What are the risks of putting a 2-pronged plug into a 3-prong outlet?
A 2-prong plug connects with the hot and neutral wires. The top hole in a three prog outlet connects to the ground wire; small appliances usually don’t need a ground wire.
The 3rd, earth connection, is required for devices that require an earth. If your device originally comes with the 2-connector plug, it doesn’t need earth, so there is no problem connecting it to the 3-connection outlet.
The other way round can be a problem. If you cut away the earth connection from a device that originally came with the earth plug, & then connect it to a socket, it can cause electrocutions, fire, or if it is a delicate device that needs a stable electric circuit (measuring device etc.), the missing earth can cause instability & faulty measurements.
The 3-prong outlet is a backwards compatible outlet. The 3rd prong is usually connected to ground (basically a physical wire connected to either a copper stake driven 6 feet into the ground or to your home’s copper water pipe. It’s designed to be connected to the chassis of a higher voltage appliance, such as the old cathode ray tube TV sets for that when a person is working on it live, they connect to ground so that if they somehow accidentally touched the live circuit, it goes to ground instead of through your heart. It was designed to provide some minor safety to a person. You can still get electricity going through whatever item goes to ground, be it a screwdriver or your hand. It mainly reduces the chance that it goes through your heart.

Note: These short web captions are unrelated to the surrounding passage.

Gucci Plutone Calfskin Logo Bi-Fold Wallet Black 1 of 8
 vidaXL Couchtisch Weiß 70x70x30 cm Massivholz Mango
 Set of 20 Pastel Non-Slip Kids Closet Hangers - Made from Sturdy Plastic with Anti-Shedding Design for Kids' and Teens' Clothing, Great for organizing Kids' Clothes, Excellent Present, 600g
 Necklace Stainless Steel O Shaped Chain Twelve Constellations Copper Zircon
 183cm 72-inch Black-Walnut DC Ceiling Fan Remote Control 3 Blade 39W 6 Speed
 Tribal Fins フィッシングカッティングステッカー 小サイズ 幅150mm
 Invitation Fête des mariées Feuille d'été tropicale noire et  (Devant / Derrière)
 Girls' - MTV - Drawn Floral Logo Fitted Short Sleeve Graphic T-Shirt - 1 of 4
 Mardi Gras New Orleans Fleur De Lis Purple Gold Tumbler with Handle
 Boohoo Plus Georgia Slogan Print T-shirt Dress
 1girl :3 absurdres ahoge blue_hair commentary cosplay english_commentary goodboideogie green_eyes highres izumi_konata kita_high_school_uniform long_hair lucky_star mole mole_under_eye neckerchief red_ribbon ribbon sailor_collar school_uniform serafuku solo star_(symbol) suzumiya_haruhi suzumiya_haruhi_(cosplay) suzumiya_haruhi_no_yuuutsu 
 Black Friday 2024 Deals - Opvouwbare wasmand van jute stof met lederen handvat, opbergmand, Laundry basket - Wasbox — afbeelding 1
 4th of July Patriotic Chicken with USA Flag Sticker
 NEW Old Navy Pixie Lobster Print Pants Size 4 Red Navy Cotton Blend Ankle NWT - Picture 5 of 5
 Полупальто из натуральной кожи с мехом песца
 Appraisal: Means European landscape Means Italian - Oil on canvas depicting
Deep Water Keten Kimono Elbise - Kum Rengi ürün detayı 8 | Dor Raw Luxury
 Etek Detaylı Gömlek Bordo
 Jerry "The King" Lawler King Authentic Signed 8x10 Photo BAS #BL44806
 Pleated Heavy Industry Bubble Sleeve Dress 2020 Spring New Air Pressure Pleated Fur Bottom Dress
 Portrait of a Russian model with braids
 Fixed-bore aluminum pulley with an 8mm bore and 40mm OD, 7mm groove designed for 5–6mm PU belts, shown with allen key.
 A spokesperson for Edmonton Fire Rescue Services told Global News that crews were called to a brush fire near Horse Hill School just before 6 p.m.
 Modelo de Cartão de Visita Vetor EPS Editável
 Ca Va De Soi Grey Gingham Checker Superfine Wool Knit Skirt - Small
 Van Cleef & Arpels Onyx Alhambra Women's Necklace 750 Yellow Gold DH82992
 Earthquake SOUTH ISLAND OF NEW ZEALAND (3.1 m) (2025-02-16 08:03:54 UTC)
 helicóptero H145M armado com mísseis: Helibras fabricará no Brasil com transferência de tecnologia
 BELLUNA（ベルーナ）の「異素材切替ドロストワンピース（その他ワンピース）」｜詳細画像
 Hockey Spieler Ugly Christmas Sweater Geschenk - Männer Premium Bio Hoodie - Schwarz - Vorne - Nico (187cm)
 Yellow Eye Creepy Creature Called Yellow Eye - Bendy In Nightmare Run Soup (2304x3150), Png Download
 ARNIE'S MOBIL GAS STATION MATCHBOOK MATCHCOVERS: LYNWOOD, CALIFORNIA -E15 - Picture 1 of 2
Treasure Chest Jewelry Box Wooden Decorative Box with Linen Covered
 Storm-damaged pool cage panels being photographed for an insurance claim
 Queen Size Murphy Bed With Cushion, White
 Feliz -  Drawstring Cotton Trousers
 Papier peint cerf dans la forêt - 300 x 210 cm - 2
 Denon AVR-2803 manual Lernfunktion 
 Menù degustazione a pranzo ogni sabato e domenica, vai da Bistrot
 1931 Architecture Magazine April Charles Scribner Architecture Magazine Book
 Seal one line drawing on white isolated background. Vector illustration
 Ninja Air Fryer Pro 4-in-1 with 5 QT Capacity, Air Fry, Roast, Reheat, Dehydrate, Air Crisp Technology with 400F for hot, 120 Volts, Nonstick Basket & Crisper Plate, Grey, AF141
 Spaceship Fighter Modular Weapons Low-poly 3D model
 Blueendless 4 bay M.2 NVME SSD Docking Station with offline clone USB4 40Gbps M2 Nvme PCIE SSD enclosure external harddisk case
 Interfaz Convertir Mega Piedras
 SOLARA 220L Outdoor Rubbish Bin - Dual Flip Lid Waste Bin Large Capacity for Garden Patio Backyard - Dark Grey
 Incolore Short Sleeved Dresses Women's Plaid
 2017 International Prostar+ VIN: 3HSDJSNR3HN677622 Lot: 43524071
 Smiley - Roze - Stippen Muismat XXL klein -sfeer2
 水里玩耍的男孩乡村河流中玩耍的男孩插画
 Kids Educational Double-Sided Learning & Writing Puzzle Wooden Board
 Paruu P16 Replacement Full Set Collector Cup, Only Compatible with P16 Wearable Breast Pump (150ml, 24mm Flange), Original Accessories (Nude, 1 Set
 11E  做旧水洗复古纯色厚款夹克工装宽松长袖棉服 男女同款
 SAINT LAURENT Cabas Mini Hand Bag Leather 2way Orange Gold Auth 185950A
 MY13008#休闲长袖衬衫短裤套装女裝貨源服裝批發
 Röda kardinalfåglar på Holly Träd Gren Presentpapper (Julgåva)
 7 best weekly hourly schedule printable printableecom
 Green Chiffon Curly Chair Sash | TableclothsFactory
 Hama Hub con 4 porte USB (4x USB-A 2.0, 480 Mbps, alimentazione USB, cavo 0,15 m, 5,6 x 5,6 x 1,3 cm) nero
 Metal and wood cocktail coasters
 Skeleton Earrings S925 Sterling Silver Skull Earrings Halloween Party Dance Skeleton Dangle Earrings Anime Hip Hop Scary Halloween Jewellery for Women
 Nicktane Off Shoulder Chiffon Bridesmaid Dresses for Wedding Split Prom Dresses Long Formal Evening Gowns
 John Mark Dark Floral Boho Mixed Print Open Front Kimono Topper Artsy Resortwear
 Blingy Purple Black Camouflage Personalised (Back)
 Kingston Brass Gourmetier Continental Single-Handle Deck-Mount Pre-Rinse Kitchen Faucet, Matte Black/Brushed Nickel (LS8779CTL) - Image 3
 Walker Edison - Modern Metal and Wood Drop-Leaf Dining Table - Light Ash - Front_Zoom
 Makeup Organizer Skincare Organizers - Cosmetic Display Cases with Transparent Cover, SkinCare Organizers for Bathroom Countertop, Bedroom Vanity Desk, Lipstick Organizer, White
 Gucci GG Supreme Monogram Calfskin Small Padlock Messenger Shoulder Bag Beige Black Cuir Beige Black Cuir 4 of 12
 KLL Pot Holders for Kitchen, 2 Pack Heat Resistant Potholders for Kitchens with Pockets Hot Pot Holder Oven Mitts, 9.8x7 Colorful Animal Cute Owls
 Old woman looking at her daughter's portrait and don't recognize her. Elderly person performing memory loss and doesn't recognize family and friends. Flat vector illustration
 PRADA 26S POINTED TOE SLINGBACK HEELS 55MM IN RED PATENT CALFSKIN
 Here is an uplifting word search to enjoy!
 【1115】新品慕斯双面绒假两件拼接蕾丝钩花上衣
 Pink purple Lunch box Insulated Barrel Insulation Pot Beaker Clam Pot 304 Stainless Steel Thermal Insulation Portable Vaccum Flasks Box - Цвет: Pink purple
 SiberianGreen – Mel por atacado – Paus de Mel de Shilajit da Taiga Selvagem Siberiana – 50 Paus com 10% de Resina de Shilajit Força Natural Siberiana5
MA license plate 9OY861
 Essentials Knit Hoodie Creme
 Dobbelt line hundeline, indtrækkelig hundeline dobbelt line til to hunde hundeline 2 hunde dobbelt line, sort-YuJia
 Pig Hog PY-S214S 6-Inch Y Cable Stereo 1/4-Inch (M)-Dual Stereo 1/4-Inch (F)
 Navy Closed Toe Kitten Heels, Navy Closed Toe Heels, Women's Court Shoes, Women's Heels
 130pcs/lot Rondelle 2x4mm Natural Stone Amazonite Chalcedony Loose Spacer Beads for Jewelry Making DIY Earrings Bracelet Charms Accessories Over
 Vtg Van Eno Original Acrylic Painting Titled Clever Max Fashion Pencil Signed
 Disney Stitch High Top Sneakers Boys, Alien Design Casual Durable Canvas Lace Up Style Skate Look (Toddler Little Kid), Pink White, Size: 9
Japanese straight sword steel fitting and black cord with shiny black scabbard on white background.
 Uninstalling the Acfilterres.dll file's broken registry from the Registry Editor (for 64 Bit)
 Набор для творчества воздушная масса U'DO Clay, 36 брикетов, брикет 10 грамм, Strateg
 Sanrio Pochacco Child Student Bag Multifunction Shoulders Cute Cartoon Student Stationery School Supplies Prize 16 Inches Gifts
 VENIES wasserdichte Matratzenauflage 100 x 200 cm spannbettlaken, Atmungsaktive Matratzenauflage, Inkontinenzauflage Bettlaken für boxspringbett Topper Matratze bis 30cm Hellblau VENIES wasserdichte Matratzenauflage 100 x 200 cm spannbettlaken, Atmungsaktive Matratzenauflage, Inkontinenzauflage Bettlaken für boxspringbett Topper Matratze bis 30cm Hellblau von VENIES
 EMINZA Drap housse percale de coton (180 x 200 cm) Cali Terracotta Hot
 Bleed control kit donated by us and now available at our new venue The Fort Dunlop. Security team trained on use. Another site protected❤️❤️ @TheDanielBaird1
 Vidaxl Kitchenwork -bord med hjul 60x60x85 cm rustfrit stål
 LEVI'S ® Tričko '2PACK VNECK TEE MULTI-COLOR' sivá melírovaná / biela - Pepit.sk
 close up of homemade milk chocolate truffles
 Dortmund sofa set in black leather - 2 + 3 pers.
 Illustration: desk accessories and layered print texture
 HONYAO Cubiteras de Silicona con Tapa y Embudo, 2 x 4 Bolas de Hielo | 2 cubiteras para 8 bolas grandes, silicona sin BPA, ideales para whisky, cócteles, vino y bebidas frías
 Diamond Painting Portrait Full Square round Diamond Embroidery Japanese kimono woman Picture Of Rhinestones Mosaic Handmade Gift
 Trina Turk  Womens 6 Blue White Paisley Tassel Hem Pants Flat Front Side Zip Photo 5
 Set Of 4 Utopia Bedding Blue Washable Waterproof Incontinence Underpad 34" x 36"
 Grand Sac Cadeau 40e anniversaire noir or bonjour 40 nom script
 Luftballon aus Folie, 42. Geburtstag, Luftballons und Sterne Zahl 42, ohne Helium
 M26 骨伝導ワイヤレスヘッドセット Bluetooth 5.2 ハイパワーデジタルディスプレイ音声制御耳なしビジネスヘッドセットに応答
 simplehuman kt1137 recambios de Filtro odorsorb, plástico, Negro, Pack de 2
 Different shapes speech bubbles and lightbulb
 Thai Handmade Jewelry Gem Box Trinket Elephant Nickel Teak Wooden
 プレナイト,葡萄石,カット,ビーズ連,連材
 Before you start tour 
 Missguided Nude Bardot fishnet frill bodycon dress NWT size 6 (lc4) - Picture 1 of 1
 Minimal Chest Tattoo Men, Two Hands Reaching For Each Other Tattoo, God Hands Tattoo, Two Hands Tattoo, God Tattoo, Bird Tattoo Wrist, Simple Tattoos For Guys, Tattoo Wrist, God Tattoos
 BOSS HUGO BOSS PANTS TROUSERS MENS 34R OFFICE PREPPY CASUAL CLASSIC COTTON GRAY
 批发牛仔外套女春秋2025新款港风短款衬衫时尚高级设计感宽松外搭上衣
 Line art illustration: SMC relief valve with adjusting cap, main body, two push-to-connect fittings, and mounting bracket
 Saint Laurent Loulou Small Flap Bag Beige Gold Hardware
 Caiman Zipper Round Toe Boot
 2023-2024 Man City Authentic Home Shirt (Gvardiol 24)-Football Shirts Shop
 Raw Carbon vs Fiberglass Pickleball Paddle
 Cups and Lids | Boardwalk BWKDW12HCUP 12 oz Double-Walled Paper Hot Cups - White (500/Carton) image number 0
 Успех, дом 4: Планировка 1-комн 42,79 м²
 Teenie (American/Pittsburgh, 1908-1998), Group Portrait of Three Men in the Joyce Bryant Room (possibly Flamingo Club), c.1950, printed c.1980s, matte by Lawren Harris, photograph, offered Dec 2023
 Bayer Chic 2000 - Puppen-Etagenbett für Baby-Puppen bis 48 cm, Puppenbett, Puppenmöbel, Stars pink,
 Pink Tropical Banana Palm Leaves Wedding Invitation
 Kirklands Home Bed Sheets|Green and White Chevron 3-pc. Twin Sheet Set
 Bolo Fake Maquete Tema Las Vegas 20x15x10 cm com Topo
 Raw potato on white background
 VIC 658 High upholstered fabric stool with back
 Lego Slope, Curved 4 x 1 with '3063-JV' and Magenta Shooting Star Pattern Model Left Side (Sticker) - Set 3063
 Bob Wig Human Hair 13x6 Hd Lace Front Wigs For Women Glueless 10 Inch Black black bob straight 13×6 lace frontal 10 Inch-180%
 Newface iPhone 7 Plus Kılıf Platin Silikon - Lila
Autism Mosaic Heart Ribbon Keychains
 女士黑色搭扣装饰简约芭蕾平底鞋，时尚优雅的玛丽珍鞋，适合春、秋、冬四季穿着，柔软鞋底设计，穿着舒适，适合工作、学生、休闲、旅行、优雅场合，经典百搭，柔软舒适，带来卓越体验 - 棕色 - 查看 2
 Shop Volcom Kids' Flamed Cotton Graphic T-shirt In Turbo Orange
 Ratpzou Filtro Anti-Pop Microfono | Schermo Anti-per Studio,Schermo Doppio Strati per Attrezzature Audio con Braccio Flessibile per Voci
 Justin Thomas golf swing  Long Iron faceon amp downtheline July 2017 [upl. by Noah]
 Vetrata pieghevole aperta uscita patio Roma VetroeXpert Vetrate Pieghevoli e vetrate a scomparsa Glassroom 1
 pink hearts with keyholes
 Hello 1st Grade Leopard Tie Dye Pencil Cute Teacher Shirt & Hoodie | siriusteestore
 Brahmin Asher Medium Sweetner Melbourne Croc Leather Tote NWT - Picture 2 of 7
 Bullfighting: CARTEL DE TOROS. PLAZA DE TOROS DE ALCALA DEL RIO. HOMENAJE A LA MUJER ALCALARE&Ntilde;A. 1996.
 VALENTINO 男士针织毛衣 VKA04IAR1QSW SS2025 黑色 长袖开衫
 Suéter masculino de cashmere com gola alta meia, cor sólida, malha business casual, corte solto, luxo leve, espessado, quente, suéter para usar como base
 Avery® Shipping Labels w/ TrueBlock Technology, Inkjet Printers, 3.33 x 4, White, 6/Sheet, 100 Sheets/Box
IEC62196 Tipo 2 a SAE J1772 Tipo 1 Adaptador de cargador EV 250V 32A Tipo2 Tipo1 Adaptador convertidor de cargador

Modern 3rd prong outlets include GFCI circuits, and is basically an additional protection to shut of the circuit at the socket if any electricity leaks to ground. Ground by itself protects users from a shock to the heart, but it does not stop electricity from flowing. It also doesn’t protect you if you’re in a bathtub that has pipes also going to ground. GFCI will protect users better than just plain ground, since it detects the fault and shut of the circuit.